At first, Egg-art catered to the nobility because it originated as luxury ornaments in Imperial Russian. However, after passing from Europe to America, it became more common and acquired a fancy tendency in Japan.
Nam Ji-une endeavored to add a Korean motif to Egg-art by using Korean folk painting and traditional jewelry materials such as pumpkin or mother-of-pearl. In the beginning, it was difficult to import ostrich's eggs; so, after returning to Korea, she formed her own handicraft group. The group eventually became nationwide and established the Korean Egg Art Association (KEAA) in 1993. KEAA offers various Egg-art courses and students can become qualified egg-artists through yearly examinations. Nam is Seoul president of KEAA and instructs many people in her own workshop.
"To promote Korean-type Egg-art, students should make two traditional works the qualification tests. Making eggs in the Korean-style is most difficult because the students are required to draw delicate paintings as well as elaborate cutting. But I think that any art should include each nation's special features no matter than where it was originated.
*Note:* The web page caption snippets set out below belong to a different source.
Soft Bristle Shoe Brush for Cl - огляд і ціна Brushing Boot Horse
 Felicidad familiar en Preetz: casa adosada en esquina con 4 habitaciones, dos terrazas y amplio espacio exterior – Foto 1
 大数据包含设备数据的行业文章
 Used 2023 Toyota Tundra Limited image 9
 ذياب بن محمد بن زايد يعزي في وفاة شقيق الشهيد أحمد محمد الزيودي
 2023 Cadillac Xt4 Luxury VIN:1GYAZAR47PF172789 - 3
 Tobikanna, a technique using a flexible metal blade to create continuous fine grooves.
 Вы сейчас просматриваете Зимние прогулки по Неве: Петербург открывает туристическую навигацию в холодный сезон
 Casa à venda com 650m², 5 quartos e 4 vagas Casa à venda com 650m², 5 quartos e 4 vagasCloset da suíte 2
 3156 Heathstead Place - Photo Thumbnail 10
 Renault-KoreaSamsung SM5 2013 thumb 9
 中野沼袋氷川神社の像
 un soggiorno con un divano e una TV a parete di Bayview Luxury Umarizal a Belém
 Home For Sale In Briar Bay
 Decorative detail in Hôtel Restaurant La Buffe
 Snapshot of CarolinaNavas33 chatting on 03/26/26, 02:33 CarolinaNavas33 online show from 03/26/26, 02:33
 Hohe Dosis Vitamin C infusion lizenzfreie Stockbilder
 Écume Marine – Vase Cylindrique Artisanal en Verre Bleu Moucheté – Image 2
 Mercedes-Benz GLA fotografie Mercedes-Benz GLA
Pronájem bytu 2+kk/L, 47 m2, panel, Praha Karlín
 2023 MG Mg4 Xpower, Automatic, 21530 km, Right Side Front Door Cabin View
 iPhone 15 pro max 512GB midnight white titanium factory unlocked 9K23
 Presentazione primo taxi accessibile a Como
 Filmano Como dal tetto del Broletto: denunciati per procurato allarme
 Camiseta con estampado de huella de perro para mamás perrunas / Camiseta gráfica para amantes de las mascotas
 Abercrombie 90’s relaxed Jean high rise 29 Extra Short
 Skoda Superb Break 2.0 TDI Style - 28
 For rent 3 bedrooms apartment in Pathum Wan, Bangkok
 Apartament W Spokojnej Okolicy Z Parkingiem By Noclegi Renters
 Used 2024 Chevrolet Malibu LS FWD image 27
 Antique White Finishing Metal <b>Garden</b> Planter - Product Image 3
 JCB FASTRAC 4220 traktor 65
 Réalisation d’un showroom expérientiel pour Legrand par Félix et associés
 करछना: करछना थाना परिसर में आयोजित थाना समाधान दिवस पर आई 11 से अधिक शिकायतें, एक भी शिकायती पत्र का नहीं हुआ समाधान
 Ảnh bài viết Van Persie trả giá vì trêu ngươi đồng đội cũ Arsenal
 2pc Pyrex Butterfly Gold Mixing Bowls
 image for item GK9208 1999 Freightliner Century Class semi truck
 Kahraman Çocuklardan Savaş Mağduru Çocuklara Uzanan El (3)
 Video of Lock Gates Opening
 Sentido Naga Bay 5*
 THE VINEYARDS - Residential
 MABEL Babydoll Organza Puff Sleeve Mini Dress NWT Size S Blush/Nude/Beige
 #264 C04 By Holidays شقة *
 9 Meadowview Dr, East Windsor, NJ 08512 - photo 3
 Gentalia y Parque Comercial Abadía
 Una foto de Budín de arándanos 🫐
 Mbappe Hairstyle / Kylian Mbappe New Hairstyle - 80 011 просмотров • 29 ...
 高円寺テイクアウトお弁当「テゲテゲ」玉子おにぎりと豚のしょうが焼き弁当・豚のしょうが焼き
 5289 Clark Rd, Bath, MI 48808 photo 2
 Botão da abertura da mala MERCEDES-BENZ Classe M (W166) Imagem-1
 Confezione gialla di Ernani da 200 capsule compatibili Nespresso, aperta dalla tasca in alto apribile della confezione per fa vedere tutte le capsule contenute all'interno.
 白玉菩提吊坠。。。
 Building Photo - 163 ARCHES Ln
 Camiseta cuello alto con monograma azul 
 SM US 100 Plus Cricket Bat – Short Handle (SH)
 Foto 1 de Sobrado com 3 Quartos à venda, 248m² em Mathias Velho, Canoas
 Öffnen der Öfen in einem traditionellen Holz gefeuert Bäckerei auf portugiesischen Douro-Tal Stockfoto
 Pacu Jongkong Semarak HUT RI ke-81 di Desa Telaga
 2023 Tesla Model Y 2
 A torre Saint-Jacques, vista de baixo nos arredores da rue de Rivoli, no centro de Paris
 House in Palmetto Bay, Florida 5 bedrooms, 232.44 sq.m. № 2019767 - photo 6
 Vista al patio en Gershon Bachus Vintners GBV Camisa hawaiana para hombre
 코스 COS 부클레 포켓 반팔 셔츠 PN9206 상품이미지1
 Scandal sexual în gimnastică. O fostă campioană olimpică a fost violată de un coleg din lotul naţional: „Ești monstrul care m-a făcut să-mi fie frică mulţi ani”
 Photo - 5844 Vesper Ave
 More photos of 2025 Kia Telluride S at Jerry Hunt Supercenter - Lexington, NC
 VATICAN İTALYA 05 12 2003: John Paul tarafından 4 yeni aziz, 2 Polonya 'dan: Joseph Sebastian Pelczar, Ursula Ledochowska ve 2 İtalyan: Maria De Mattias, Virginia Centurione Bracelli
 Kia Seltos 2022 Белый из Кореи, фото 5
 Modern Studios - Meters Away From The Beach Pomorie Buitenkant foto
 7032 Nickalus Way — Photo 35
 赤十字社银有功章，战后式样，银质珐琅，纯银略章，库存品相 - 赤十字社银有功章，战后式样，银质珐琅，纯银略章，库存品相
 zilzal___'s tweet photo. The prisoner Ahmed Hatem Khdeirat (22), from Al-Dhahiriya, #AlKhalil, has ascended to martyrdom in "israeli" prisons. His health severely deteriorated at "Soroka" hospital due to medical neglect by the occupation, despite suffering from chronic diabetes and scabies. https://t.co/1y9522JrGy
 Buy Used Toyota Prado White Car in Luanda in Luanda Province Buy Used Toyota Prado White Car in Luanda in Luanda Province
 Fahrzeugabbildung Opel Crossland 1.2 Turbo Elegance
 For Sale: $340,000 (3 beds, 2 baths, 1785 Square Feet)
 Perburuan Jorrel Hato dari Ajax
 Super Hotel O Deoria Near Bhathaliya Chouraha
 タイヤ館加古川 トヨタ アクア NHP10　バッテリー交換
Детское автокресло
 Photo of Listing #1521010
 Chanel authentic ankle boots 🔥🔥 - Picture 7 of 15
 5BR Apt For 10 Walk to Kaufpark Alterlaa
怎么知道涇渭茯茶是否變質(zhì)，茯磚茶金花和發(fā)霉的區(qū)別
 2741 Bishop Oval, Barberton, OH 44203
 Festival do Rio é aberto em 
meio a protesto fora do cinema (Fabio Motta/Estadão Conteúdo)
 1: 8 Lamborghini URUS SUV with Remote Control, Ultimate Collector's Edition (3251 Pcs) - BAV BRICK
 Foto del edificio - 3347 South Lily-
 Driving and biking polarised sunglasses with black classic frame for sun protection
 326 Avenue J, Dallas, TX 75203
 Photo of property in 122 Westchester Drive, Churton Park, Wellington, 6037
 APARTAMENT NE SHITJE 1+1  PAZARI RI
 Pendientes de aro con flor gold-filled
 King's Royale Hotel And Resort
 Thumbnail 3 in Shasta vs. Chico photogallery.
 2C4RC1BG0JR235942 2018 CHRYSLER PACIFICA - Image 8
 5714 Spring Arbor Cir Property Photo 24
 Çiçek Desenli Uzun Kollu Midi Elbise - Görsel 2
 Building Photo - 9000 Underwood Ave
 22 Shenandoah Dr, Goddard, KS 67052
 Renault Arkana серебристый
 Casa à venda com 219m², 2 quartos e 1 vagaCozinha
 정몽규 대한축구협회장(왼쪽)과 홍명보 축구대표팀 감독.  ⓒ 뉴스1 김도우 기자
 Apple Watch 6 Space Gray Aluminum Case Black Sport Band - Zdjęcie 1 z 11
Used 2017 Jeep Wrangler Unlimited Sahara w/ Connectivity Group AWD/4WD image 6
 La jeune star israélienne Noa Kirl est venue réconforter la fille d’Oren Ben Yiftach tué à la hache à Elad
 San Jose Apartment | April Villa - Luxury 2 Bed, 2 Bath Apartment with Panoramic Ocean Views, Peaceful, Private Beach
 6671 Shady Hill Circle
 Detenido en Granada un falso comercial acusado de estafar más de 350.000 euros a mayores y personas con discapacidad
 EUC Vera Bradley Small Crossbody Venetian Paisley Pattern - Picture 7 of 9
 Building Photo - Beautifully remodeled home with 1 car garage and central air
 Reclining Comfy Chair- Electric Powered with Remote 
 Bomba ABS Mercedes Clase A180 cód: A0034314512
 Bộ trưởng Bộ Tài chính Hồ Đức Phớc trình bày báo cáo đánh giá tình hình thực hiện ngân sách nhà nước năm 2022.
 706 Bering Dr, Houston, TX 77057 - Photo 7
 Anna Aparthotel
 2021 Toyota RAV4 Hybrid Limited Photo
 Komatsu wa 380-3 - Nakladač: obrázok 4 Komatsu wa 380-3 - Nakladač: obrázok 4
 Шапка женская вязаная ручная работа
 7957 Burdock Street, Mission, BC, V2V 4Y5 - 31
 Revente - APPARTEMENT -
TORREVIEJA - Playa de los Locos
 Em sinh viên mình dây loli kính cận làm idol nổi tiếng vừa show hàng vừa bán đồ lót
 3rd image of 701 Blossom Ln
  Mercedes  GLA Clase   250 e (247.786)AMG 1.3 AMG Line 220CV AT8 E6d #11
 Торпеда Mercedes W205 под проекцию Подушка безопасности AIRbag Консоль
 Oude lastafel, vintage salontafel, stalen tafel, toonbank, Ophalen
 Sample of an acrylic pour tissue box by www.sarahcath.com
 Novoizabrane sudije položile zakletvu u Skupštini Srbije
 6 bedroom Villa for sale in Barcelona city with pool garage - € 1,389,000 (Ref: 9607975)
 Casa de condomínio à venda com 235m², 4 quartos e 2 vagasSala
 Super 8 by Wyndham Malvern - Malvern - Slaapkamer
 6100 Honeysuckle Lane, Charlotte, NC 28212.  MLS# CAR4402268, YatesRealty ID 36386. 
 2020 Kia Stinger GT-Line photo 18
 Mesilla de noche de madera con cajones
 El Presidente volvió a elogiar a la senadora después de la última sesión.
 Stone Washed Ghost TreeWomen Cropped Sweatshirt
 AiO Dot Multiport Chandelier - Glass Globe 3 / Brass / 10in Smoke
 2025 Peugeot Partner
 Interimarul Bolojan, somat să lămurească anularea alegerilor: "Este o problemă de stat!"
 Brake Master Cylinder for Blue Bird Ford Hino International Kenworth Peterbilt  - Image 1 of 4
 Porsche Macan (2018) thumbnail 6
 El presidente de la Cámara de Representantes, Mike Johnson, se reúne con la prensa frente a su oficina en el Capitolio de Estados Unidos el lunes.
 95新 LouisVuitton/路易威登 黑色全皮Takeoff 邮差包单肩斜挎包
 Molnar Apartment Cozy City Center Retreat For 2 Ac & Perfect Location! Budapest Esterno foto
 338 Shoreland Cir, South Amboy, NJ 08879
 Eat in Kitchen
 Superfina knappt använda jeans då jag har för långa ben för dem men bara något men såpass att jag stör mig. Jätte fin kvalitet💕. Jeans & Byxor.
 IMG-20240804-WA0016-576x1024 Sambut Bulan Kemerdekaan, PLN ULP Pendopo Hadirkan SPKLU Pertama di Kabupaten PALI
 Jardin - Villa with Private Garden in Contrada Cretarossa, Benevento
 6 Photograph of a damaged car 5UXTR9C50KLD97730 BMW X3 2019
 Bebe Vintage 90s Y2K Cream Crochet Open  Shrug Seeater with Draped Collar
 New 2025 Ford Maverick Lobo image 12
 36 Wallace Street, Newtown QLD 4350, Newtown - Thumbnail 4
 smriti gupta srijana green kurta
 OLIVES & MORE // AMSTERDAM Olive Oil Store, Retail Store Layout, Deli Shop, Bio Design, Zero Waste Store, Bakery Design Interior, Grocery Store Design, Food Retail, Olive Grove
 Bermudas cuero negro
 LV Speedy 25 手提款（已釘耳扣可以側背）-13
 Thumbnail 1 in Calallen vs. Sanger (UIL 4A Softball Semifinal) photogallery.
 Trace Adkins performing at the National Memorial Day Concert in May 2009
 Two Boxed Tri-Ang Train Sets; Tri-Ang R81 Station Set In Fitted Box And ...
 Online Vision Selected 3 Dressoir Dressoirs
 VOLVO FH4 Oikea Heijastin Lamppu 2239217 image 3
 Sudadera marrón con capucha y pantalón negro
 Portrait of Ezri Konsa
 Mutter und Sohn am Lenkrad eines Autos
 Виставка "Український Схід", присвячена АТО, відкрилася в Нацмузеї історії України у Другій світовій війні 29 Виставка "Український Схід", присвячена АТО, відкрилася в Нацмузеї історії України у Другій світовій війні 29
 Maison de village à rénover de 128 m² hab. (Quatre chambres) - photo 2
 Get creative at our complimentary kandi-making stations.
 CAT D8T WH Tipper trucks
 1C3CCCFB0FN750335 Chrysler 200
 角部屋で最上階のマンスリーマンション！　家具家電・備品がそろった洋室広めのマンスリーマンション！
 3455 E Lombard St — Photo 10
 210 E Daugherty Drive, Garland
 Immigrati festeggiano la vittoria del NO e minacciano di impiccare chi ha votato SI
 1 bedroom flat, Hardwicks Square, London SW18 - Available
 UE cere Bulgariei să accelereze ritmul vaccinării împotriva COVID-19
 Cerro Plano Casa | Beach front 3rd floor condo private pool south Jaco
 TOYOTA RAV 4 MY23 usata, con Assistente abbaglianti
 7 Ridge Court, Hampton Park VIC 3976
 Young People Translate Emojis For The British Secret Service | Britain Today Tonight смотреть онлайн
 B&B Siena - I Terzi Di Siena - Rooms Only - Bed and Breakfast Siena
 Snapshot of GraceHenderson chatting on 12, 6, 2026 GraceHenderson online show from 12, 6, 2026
That is why I intentionally display Korean-type works in every exhibition and teach the style to my students."
Oriental people generally prefer Western things such as pop songs, rap music, hamburger, coke, and so on. Westerners have a friendly feeling toward Orientalism as well. A few years ago, Nam's novel works whose subject was Korean flower cards attracted favourable attention in an exhibition held in Europe. In spite of not knowing how to play the flower cards, she frequently applies them to her art.
The KEAA exhibition will be held from the 23rd to the 29th of this march at the Sejong Center for the Performing Arts. Nowadays, Nam Ji-une is creating typical works and Korean-types for the forthcoming show. Usually, fake jewelry is used in the arts. But for this show, Nam especially uses real traditional jewelries for her works to strengthen its folk beauty.
"When I went to a zoo, I gazed intently at eggs of turtles, snakes, crocodiles and so forth. Ostrich, goose and duck's eggs are most commonly used because of the eggs’ firmness. So making handiwork with reptiles' eggs will be fun.
It is a great pleasure to give myself up entirely to the art. Some people envy me because they only can do the art during their free time. But I do it all the time!"
After work, she returns to the life of an ordinary housewife and mother of two daughters. She is good at cooking but not as much as her mother. Her mother was dexterous; so she made some clothes for her family by herself. Nam Ji-une said her dexterity was inherited from her mother.
"Most people like Egg-art, and the art is progressing steadily and multifarious materials and subjects are being added. I'll spend my whole-lifetime with the art, too. In a few years, I'm going to move to the quiet countryside and do my art there. And, I want to breed egg laying animals by myself."
Her life is Egg-art. As she keeps living her art, Nam Ji-une is the Thumbellina of Egg-art.